Windows were kept open all year to vent the poisonous intruders.

The town was once a prosperous mining destination, until 1962. A fire slowly engulfed the earth below the town, burning like hell. That fire still rages today.

Centralia is now a ghost town. According to www.centraliapa.org, only six residents are left.

Natalie Harnett, 43, of East Meadow, discovered the virtually lifeless town while on a literary journey and produced an acclaimed work of fiction –– “The Hollow Ground” (Thomas Dunne Books, 2014) –– to bring the tragedy of Centralia and other towns like it to light. She recently made a presentation on her novel at the Merrick Public Library to an audience of 37 Bellmore-Merrick residents.

“My grandfather lived in Pennsylvania near a town called Carbondale,” she said. Carbondale, like Centralia, was once a bustling mining town that housed many immigrants searching for jobs.

“I was always drawn to Carbondale since I saw it when I was a little girl,” she said. “I always knew I wanted to tell that town’s story. I wanted to write about it, and I wanted to include a family in that storytelling.”

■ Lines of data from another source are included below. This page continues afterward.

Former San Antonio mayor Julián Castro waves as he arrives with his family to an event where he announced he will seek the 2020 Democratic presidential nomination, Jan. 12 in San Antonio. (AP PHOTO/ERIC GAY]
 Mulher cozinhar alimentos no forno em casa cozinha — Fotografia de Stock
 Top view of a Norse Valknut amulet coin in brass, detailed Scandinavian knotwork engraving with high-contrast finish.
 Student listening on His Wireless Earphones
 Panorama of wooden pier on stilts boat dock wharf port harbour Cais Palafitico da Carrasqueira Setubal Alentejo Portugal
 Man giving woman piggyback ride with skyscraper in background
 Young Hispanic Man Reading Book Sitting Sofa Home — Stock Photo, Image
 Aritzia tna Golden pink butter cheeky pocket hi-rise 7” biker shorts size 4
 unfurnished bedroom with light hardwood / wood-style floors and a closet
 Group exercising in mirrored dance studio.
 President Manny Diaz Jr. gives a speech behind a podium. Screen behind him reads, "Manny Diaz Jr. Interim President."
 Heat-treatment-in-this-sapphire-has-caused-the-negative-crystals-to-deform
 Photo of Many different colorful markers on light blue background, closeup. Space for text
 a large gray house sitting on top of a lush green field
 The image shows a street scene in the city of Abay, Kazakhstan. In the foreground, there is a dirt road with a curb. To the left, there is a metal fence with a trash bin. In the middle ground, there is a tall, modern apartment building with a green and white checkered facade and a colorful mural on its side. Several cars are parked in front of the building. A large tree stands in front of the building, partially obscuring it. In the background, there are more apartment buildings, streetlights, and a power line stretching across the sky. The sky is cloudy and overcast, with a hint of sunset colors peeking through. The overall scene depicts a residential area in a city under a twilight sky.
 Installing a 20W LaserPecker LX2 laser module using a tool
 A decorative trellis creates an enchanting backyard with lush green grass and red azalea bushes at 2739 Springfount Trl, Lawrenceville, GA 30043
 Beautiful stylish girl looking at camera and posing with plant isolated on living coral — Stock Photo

As Harnett researched Carbondale’s history, she came across the little-known and highly decayed municipality of Centralia. “I’d never heard of Centralia, but once I researched deeper, I saw what a tragedy and a huge loss that town must have been to the people who decided to settle down there,” Harnett said.

According to local lore, Harnett discovered, a priest is said to have cast a spell on Centralia. “The priest retaliated against some cruel acts by the Mollies,” she said. “They didn’t like [him], so they attacked him. The priest then said that in 100 years, nothing would be left in the town, not a building or people.”